• **REQUIRED ACTION**
Give back each entry unchanged, minus pictures.

• **RAW DATA**
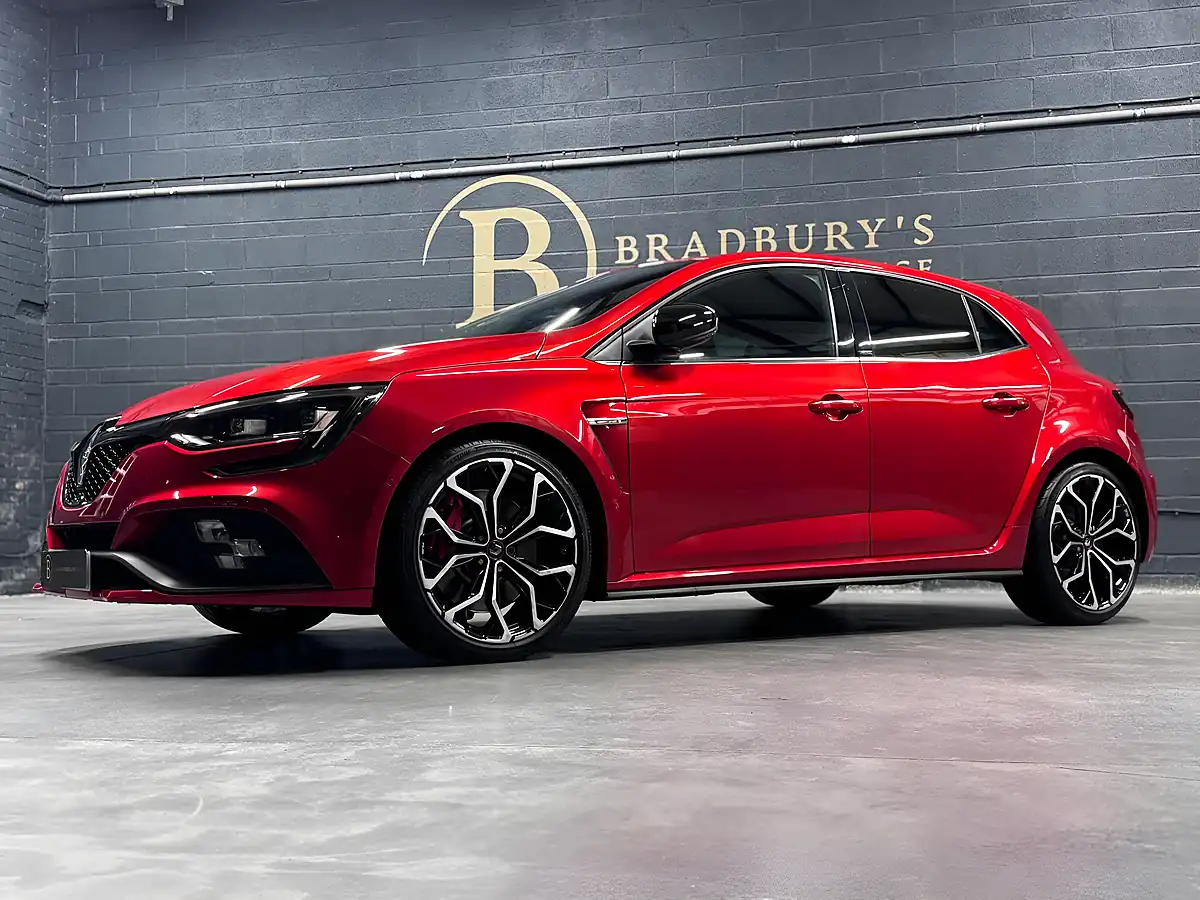 Used 2019 Renault Megane R.s. Flame Red - Interior and Exterior details 14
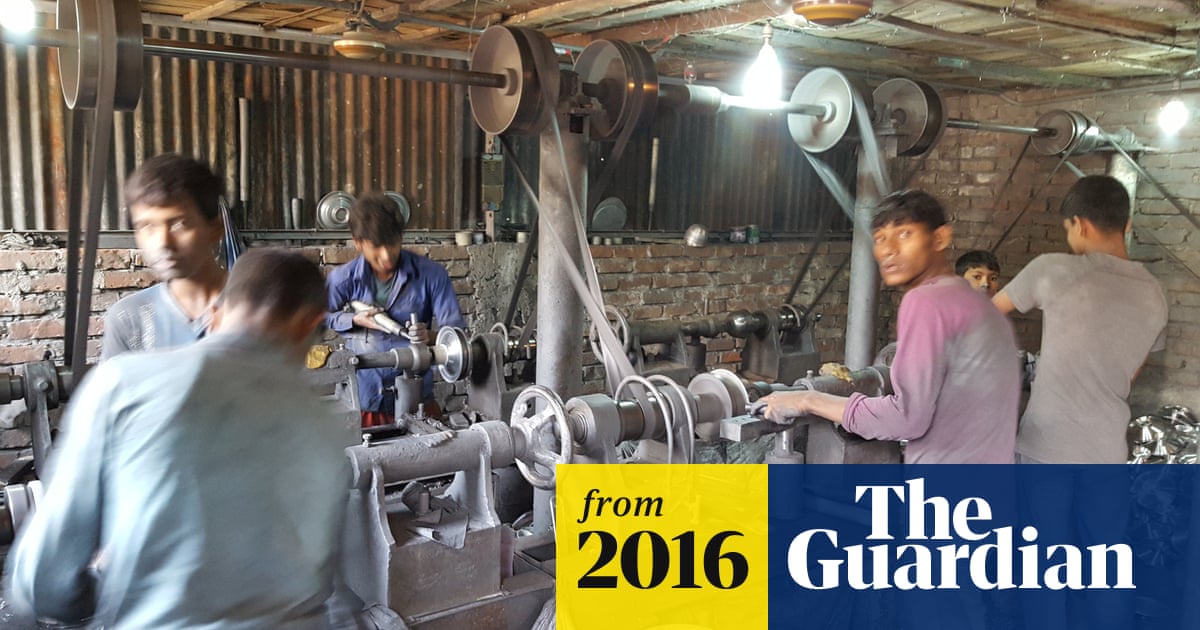 Bangladeshi organisation delivers a lesson on ending child labour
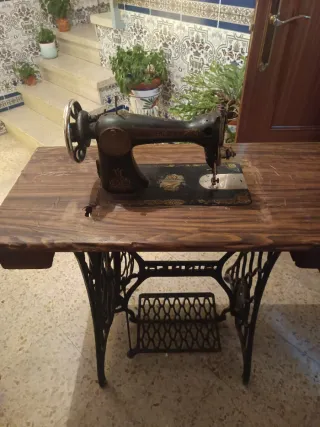 Máquina de coser Singer antigua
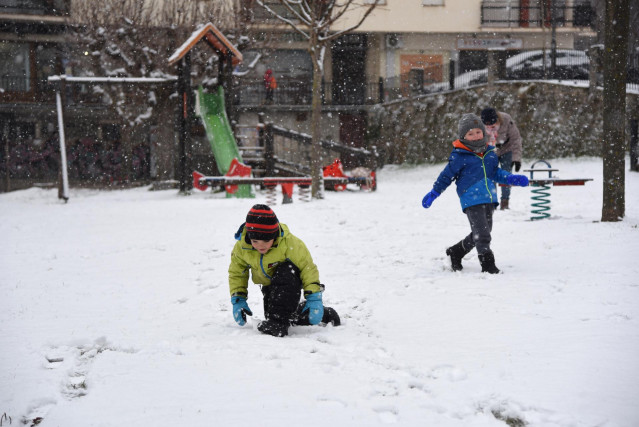 Archivo - Dos niños juegan en la nieve fruto de la borrasca Filomena, en Sort, Lleida, Cataluña (España), a 9 de enero de 2021.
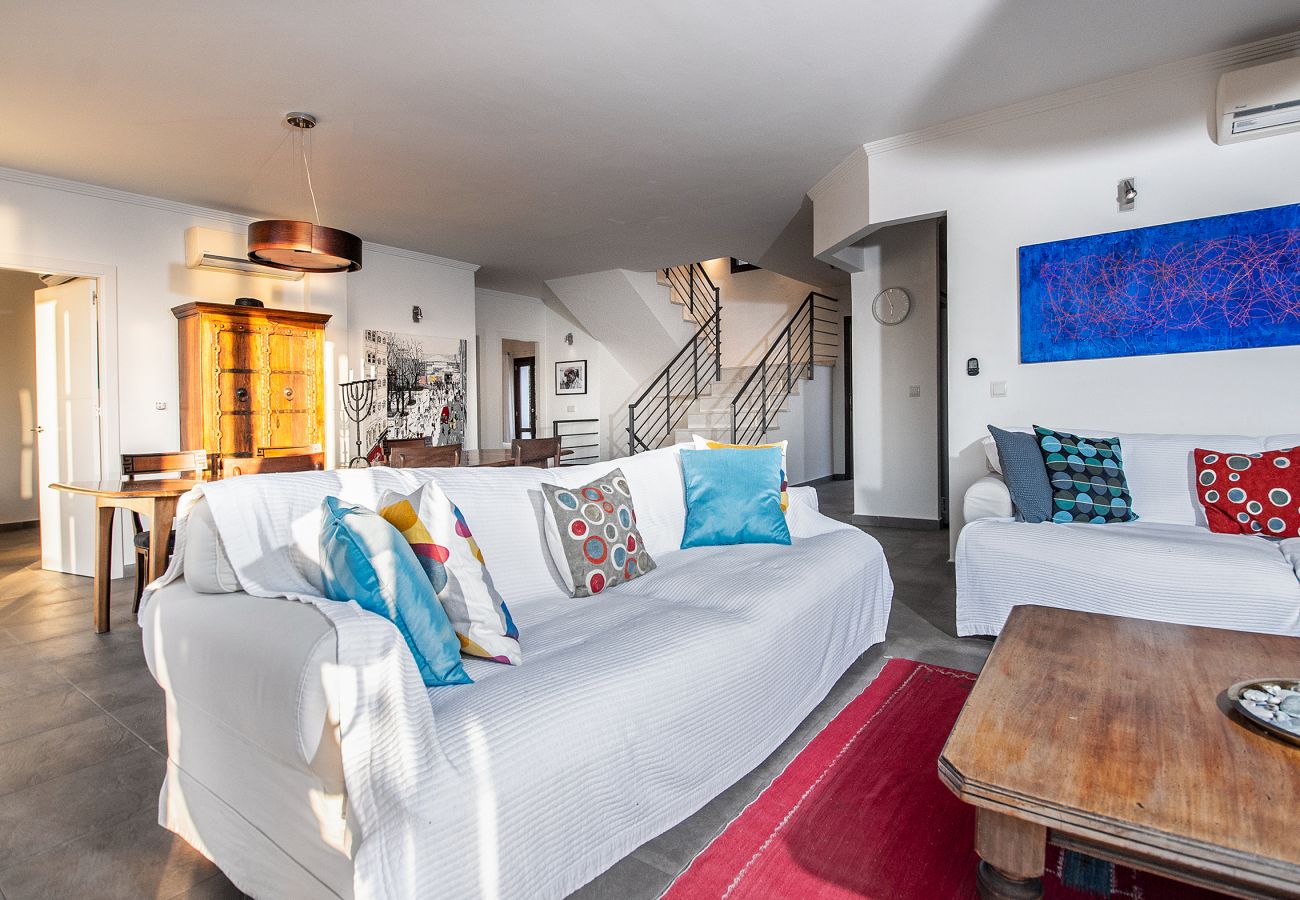 Villa in La Herradura - Breathtaking 5 bedroom, 5 bathroom villa with stunning views and infinity swimming pool.
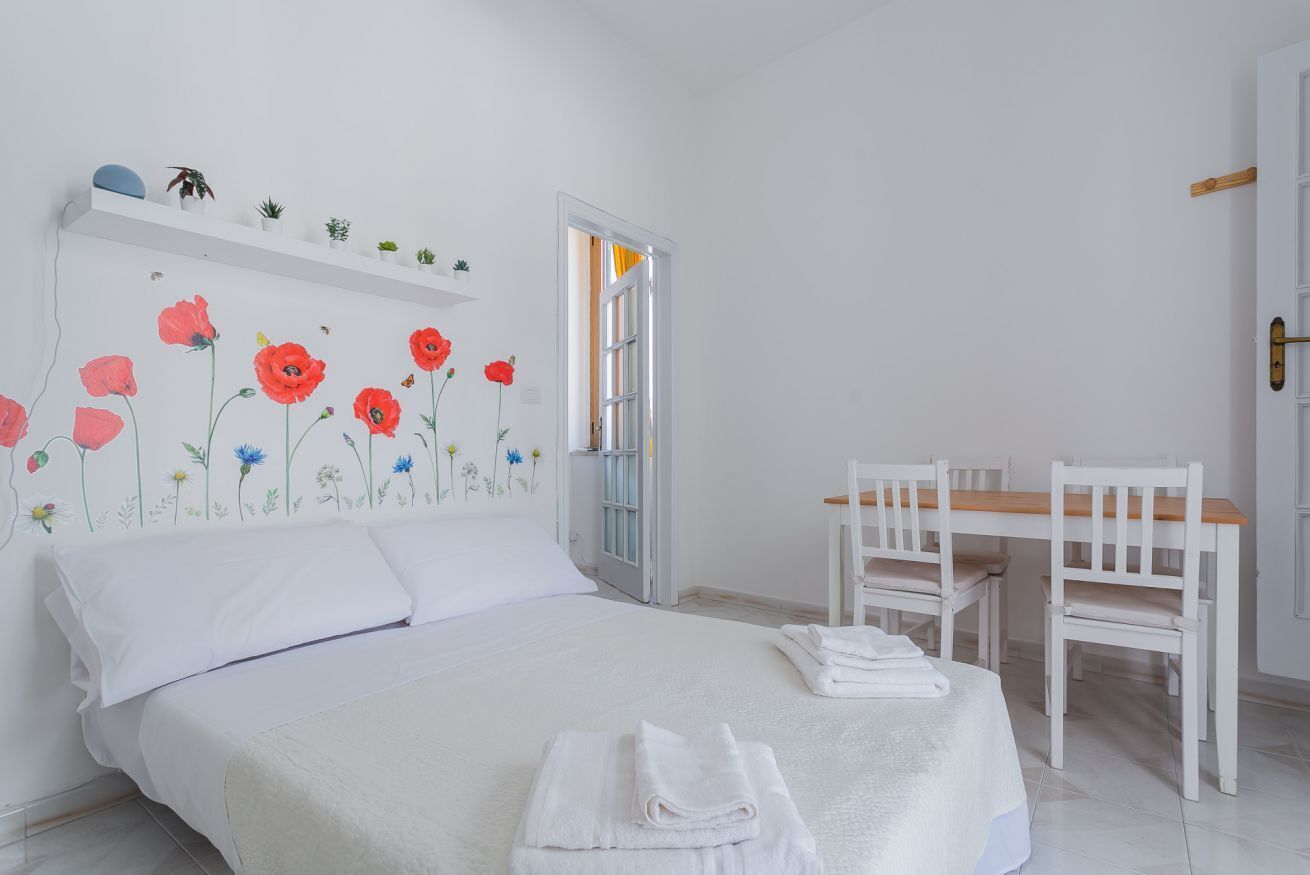 2 Schlafzimmer, Zimmersafe, Schreibtisch, Bügeleisen/Bügelbrett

• **COMPLETED EXERCISE**
 Used 2019 Renault Megane R.s. Flame Red - Interior and Exterior details 14
 Bangladeshi organisation delivers a lesson on ending child labour
 Máquina de coser Singer antigua
 Archivo - Dos niños juegan en la nieve fruto de la borrasca Filomena, en Sort, Lleida, Cataluña (España), a 9 de enero de 2021.
 Villa in La Herradura - Breathtaking 5 bedroom, 5 bathroom villa with stunning views and infinity swimming pool.
 2 Schlafzimmer, Zimmersafe, Schreibtisch, Bügeleisen/Bügelbrett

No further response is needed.